::: RECORDS

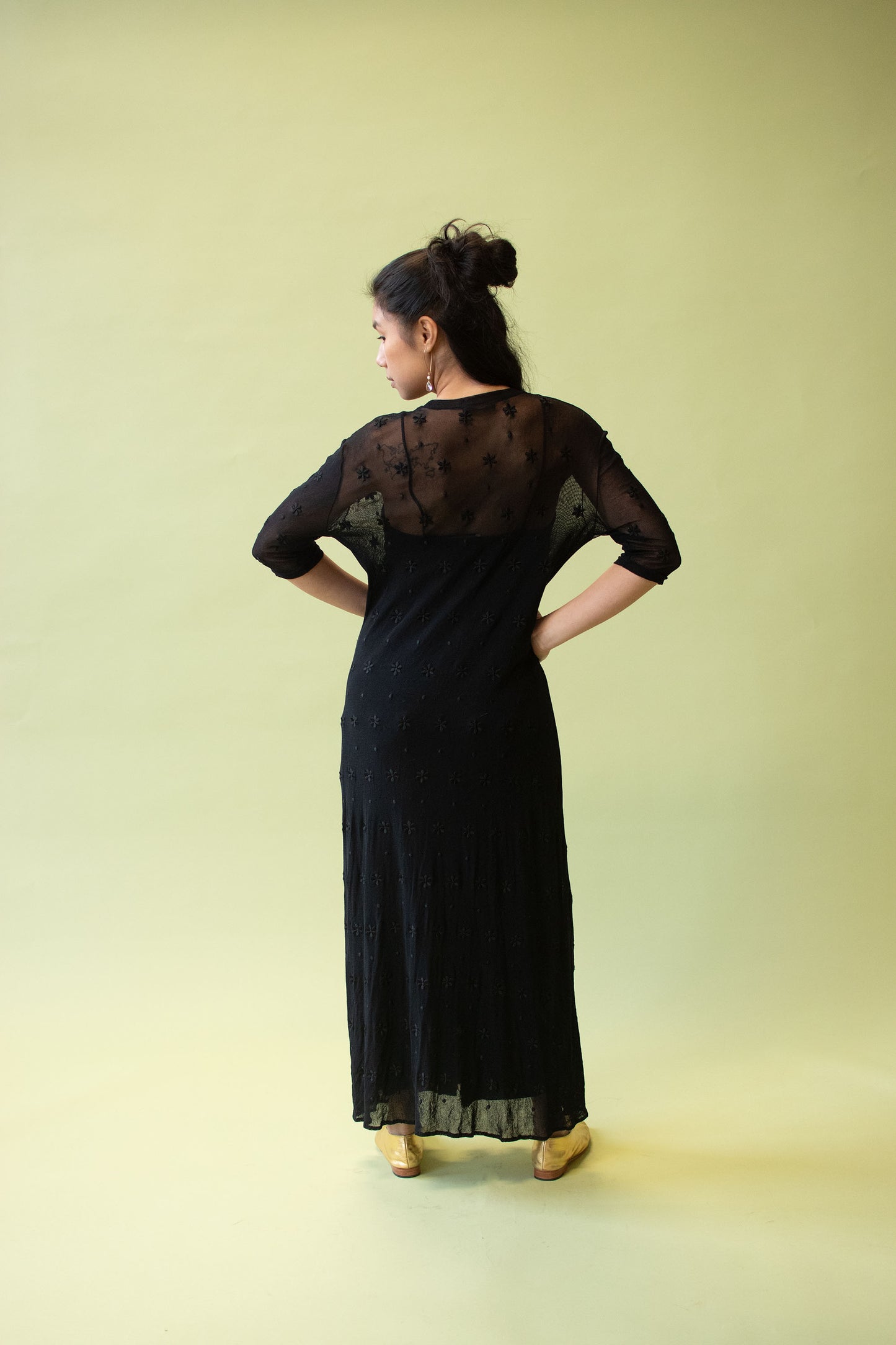 1990s Black Embroidered Mesh Dress | Vivienne Tam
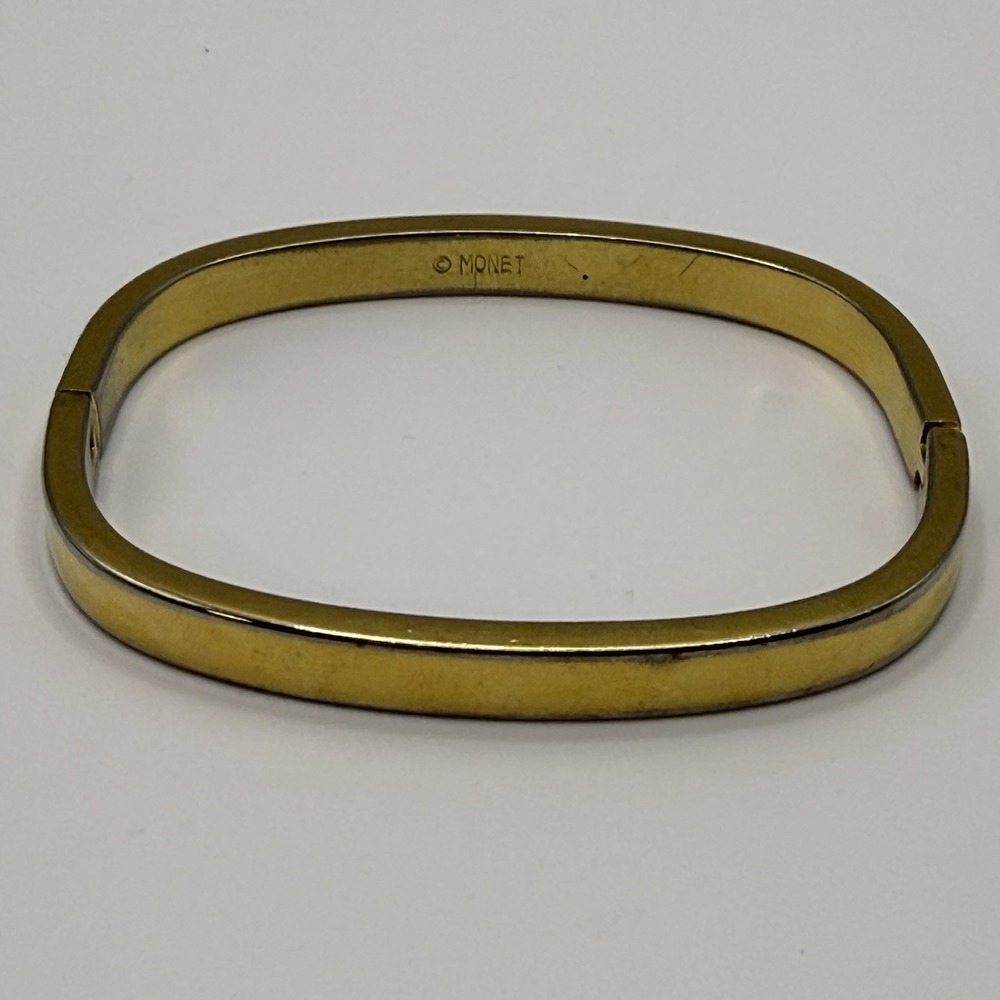 Monet Hinged Bangle Bracelet Slim Stackable Gold Tone Estate
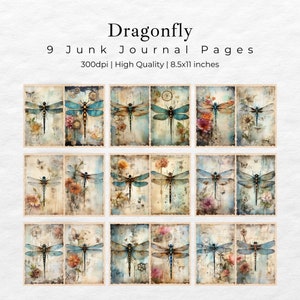 Dragonflies Junk Journal Kit, Vintage Journal Papers, Dragonfly Junk Journal Printable, Vintage Junk Journal Digi Kit, Printable Journal image 2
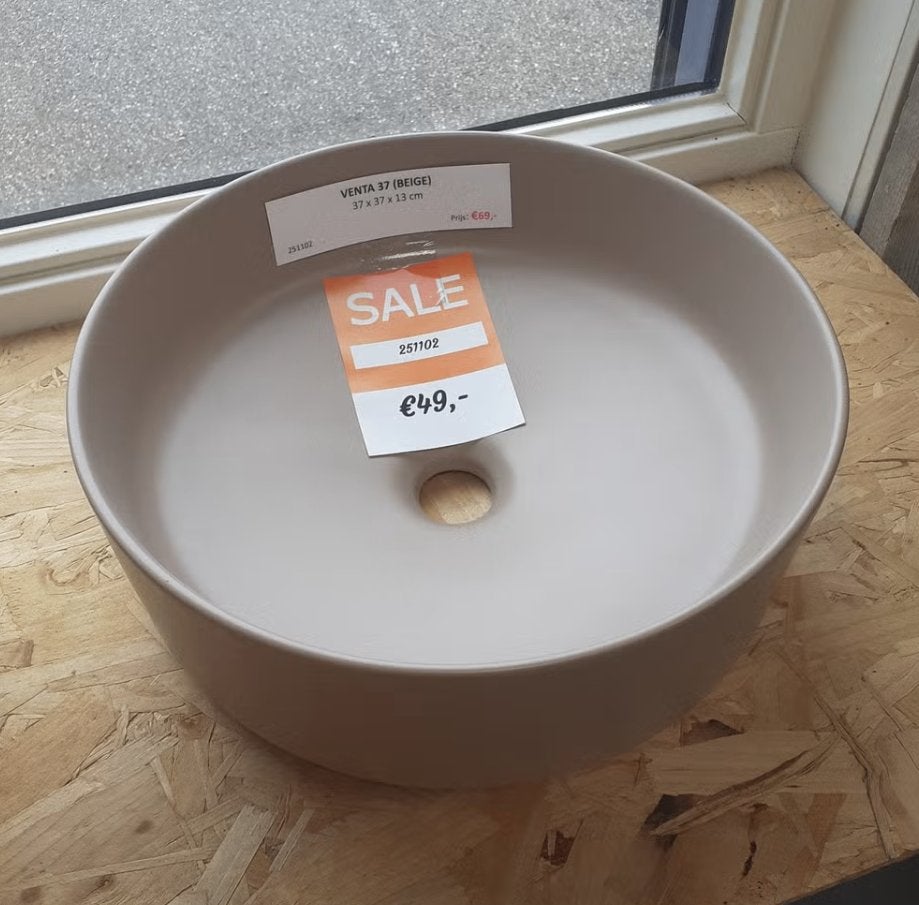 KORTING! Waskom, beige, rond, strakke uitvoering, Venta 37, Ophalen of Verzenden, Nieuw, Beige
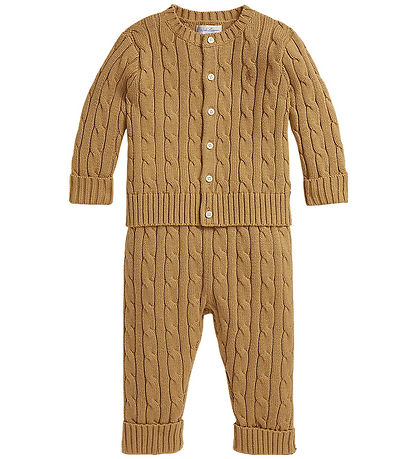 Polo Ralph Lauren Cardigan/Bukser - Strik - Classic Camel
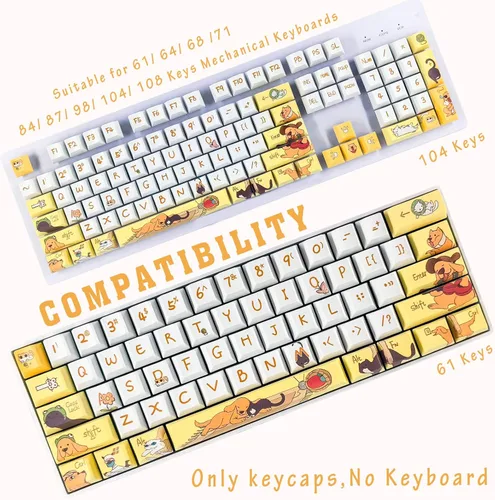 Vista 4 de Teclas para perros y gatos y mascotas para interruptores Cherry MX Lindos teclado mecánico de anime japonés juego de tapas de teclas PBT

::::::

- [ABOUT THIS TASK] Please return only the lines from the one holding "Dragonflies Junk Journal" through the end of the data, both ends included; do not copy any pictures.

- [TASK ANSWER]
 Dragonflies Junk Journal Kit, Vintage Journal Papers, Dragonfly Junk Journal Printable, Vintage Junk Journal Digi Kit, Printable Journal image 2
 KORTING! Waskom, beige, rond, strakke uitvoering, Venta 37, Ophalen of Verzenden, Nieuw, Beige
 Polo Ralph Lauren Cardigan/Bukser - Strik - Classic Camel
 Vista 4 de Teclas para perros y gatos y mascotas para interruptores Cherry MX Lindos teclado mecánico de anime japonés juego de tapas de teclas PBT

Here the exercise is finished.